Records for this exercise: Begin
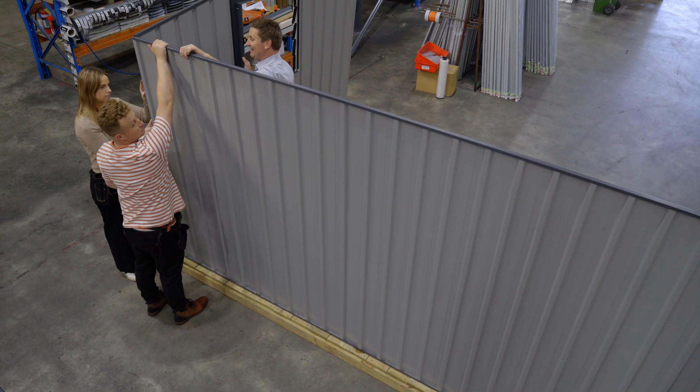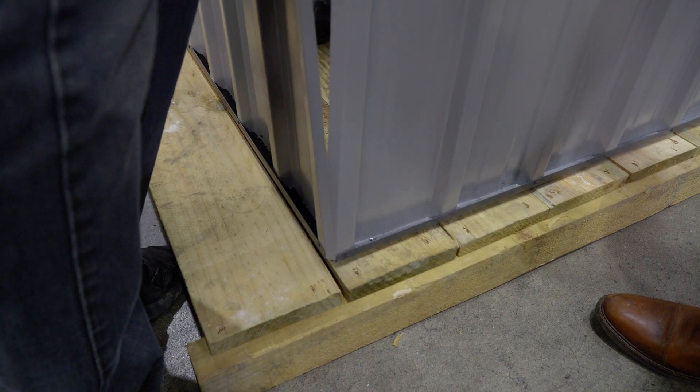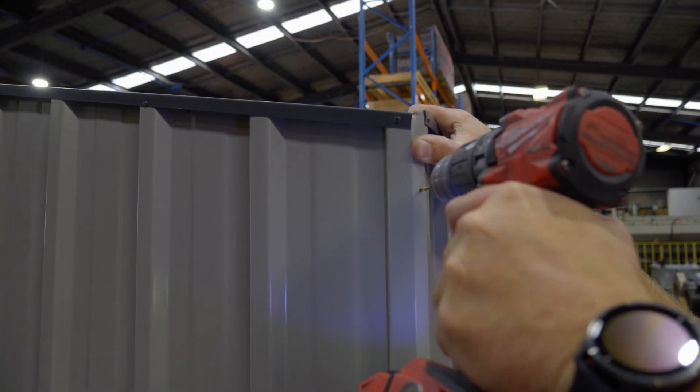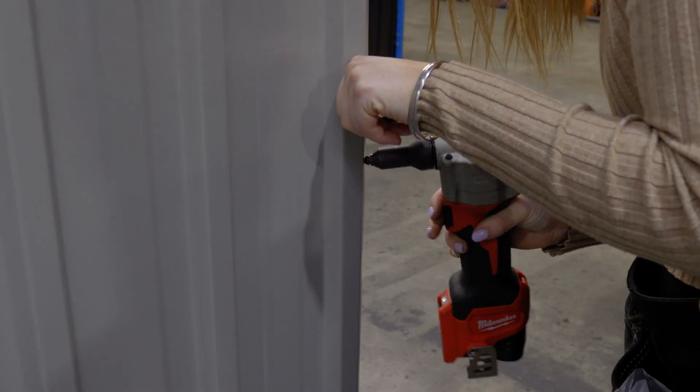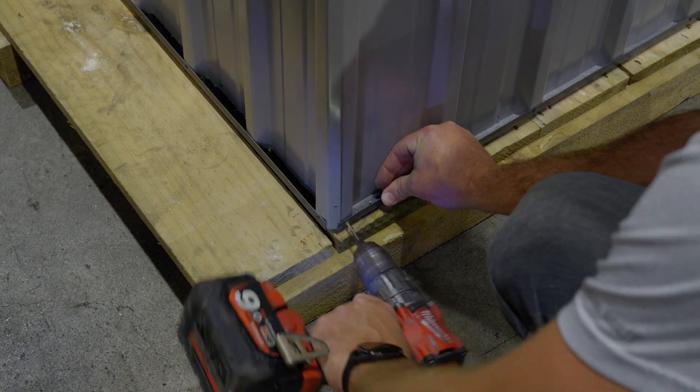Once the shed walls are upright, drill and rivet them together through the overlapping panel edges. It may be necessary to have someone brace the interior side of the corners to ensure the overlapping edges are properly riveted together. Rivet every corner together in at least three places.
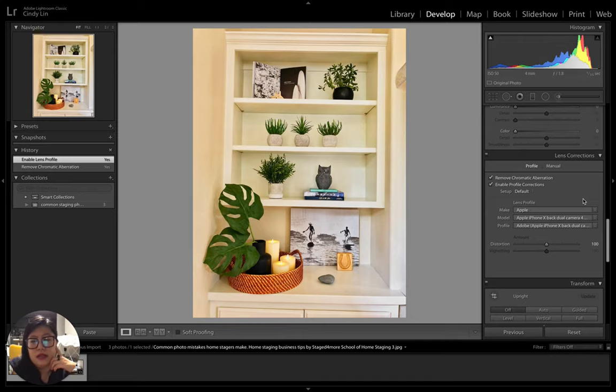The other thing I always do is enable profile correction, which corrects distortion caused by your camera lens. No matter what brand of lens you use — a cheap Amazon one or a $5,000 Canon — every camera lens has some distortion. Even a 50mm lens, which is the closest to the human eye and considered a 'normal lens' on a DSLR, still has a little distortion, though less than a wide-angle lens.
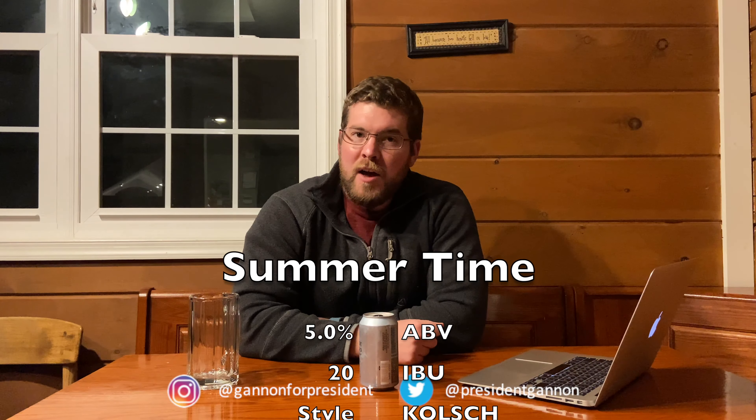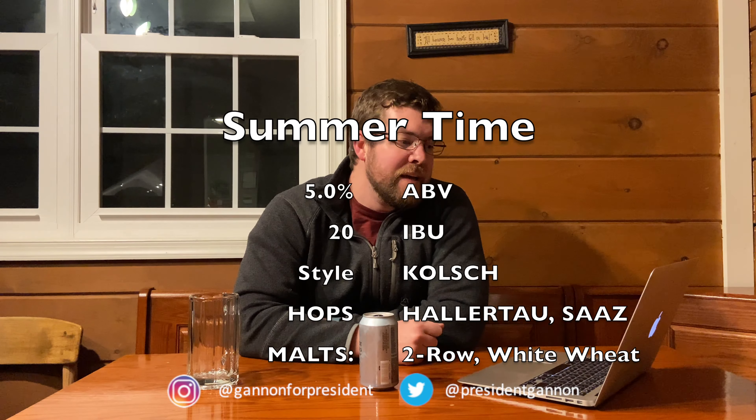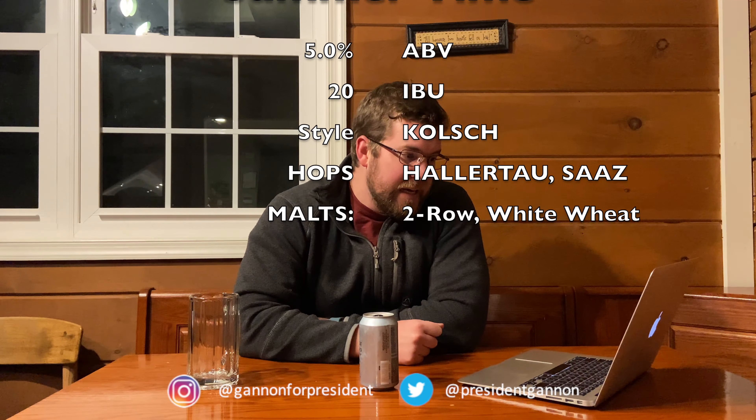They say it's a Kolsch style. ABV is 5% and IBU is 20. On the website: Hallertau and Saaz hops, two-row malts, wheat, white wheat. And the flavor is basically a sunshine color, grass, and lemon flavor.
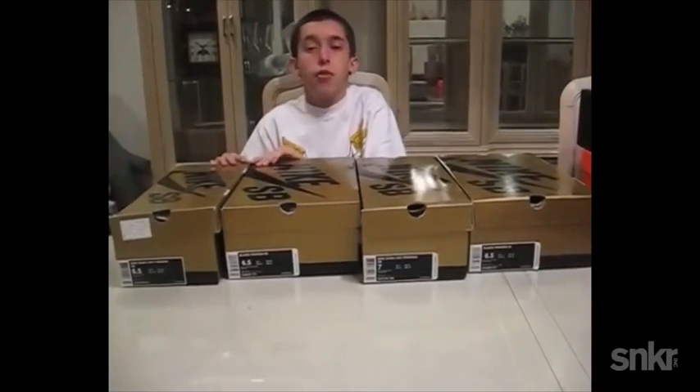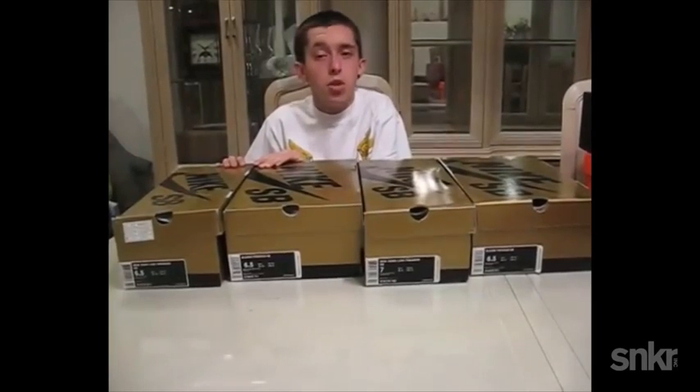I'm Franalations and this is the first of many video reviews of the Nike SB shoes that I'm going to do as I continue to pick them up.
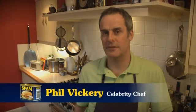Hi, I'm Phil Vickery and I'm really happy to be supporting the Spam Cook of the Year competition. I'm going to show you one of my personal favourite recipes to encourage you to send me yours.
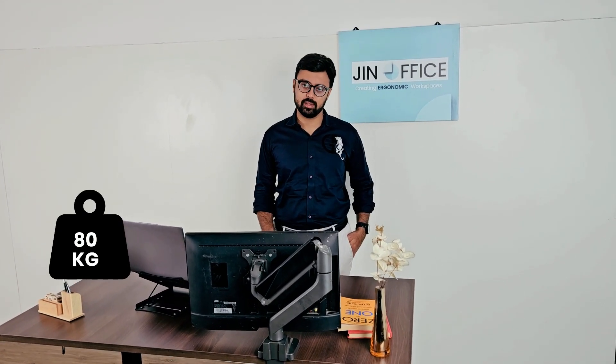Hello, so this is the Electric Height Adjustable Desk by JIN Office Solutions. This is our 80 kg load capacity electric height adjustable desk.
Records for this exercise: End
> How to complete this task:
Repeat verbatim the lines between the start of the data and the line containing "The other thing", both ends included, omitting all pictures.

> Task response:
Once the shed walls are upright, drill and rivet them together through the overlapping panel edges. It may be necessary to have someone brace the interior side of the corners to ensure the overlapping edges are properly riveted together. Rivet every corner together in at least three places.
The other thing I always do is enable profile correction, which corrects distortion caused by your camera lens. No matter what brand of lens you use — a cheap Amazon one or a $5,000 Canon — every camera lens has some distortion. Even a 50mm lens, which is the closest to the human eye and considered a 'normal lens' on a DSLR, still has a little distortion, though less than a wide-angle lens.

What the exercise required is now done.